### Exercise description
This exercise calls for an exact copy of the listing, with no pictures kept.

### Data
___
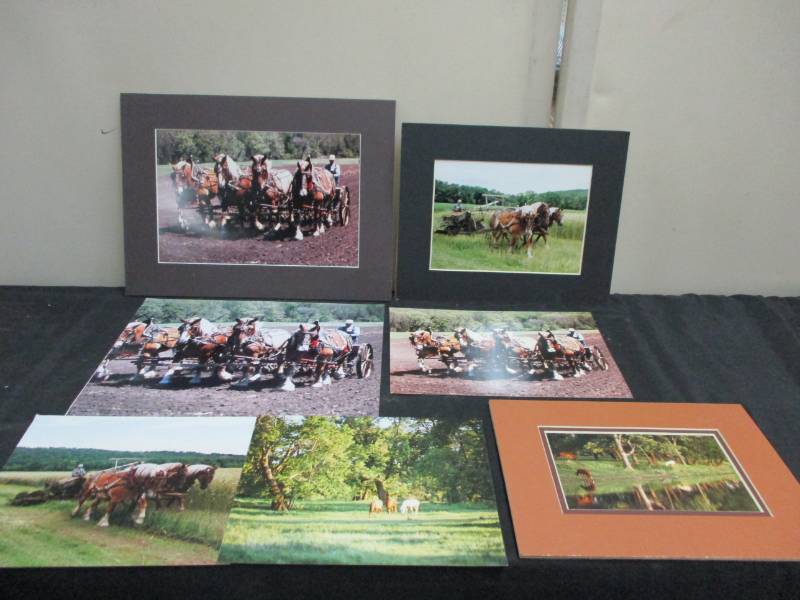 lot 49 image: Horse Pictures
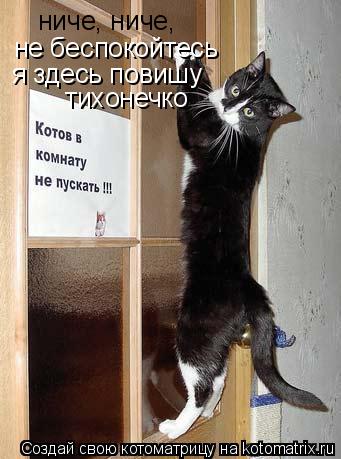 Котоматрица: ниче, ниче, не беспокойтесь я здесь повишу тихонечко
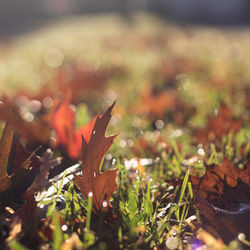 Close-up of autumn leaves on field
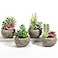 SPEPLA Succulents Plants Artificial 4 Pack Mini Fake Succulents in Pots Assorted Small Faux Succulent Decorative for Living Room Home Office Decor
___
### Exercise result
 lot 49 image: Horse Pictures
 Котоматрица: ниче, ниче, не беспокойтесь я здесь повишу тихонечко
 Close-up of autumn leaves on field
 SPEPLA Succulents Plants Artificial 4 Pack Mini Fake Succulents in Pots Assorted Small Faux Succulent Decorative for Living Room Home Office Decor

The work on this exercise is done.